The more energetic “You Got It in Your Soulness” comes next, basically a 12-bar blues with a brief transition chord to the V. The combo varies the pattern a couple of minutes into the song to a repeated root chord with occasional modification that allows Eddie Harris to riff a while, with slightly less intensity than the rhythm section. Benny Bailey gets his turn and delivers a solo that sounds like a combination of bird melody and hard kisses that knocks it out of the park. Behind both solos, Leroy Vinnegar does some very nimble work on the bass. Right before the return to the main theme, Les does some low-level scat . . . more like satisfied grunts than formed sounds . . . and you know he’s feeling it. With all the musicians in the groove, “You Got It in Your Soulness” qualifies as an absolute stunner.

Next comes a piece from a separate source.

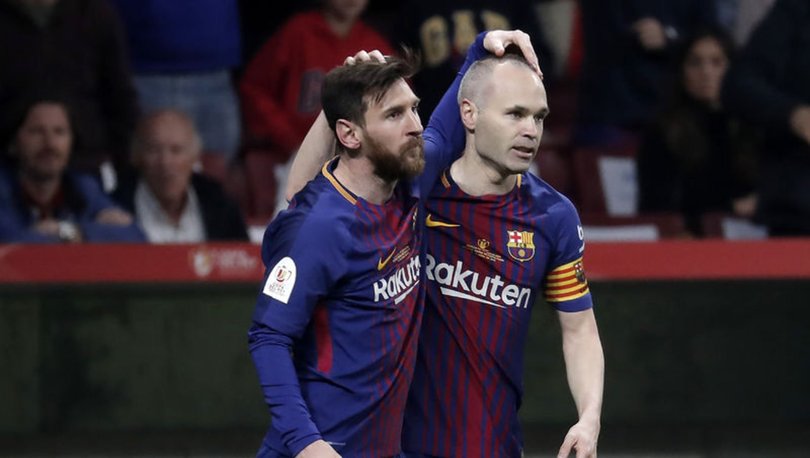Messi ve Iniesta Barcelona'ya dönebilir mi? Joan Laporta'dan açıklama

The original album ends with “The Generation Gap,” the phrase used to define the faux crisis between the war generation and the Baby Boomers. The gap disappeared when most of the Baby Boomers grew up and became greedy stick-in-the-muds just like their parents. Jazz titles are usually off-the-top-of-my-head creations and I don’t really hear anything in the musical structure of the piece that reflects a stylistic gap symbolically representing a generation gap. The combo really uses the piece as a platform for the band members to show their stuff, and since the chord structure is similar to “Compared to What?” with its series of rising chords, I’ve always considered this piece to be the instrumental version of the opener. This may imply that the piece is boring and repetitive, but it isn’t—the instrumentalists have a greater opportunity to explore the musical theme. The horn solos here are as strong as anything else on the album, and the command of dynamics is much stronger than on any other of the pieces—they’ve had time to warm up and connect with each other, and it shows.
For all its “soul jazz” trappings, Swiss Movement remains both an accessible and appealing jazz record. The rhythms aren’t as intense as Coltrane’s and the melodies aren’t as brilliantly unpredictable as Monk’s, but all these guys were accomplished jazz musicians who knew their stuff. Les McCann did more crossover work than the others, but even the novice listener should be able to appreciate the hard bop style of Benny Bailey in the context of more familiar rhythms. Swiss Movement also confirms the longstanding truth that jazz is an exciting live performance medium open to more frequent improvisation than rock or soul. There’s nothing like sharing a moment of music when the players are also the creators, for that moment is a blessed form of intimacy that stays with you forever.